I had a weird encounter with a guy this week out at Willard Bay Dog Training Area. I was doing some water work with my pup with using a DT launcher with the blank loads. He asked me if I didn't know how to read and that the signs clearly say no target or trap shooting. He claimed you can't even discharge a training pistol or blanks or anything of that nature. I certainly can't seem to find anything saying you can't discharge blanks or anything like that, am I wrong?


----------



## izzydog

Good question. I've never thought about it while shooting blanks and training.


----------



## cootlover

Cool I am glad the water is open .Why cant people mind there own **** bees wax .Was it some dip sh*t are a cop.


----------



## Hoopermat

Greenhead_Slayer said:


> I had a weird encounter with a guy this week out at Willard Bay Dog Training Area. I was doing some water work with my pup with using a DT launcher with the blank loads. He asked me if I didn't know how to read and that the signs clearly say no target or trap shooting. He claimed you can't even discharge a training pistol or blanks or anything of that nature. I certainly can't seem to find anything saying you can't discharge blanks or anything like that, am I wrong?

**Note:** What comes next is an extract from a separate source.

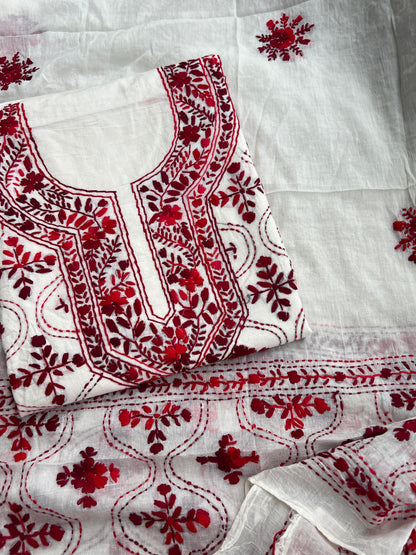 Ivory & Crimson Pure Cotton Hand-Embroidered Unstitched Dress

Since your blanks are simply a noise maker and do not fire a projectile there is noting illegal about it. Your good to go

Why is it when I am out doing this stuff I do t get any idiots harass me. I would love to have a conversation with them.


----------



## Greenhead_Slayer

It wasn't a cop, I think the guy was either drunk or a few cookies short of a bakers dozen. He followed me halfway around the pond while I was trying to keep some distance from him chewing me out until I think he finally noticed I was open carrying. He got back on the dirt road and walked up over the dike, never did see a vehicle or atv.


----------



## cootlover

"Area closed to shooting except for dog training and waterfowl season .What's not funny the sign was full of bullet holes :shock:"


----------



## sknabnoj

Sorry this happened to you. Sucks. This is the kind of stuff that's made me get this nasty anxious feeling every time I see someone when I'm hunting or really doing anything outdoors. It used to be the opposite feeling where I'd love to talk to whoever was enjoying the outdoors with me. Crappy.


----------



## Hoopermat

In the past we have set birds out for dog training and shot them there. You just put a streamer on its leg. 
Never had a problem


----------



## bamacpl

cootlover said:


> Cool I am glad the water is open .Why cant people mind there own **** bees wax .Was it some dip sh*t are a cop.


What's the difference?


----------



## Bret

you are doing nothing wrong and using that area as it was intended. Go out again and train your dog.


----------



## Gianthead

Any ideas of where I can take a dog out to some water preferably a pond to get some pre season training in? Near Syracuse .


----------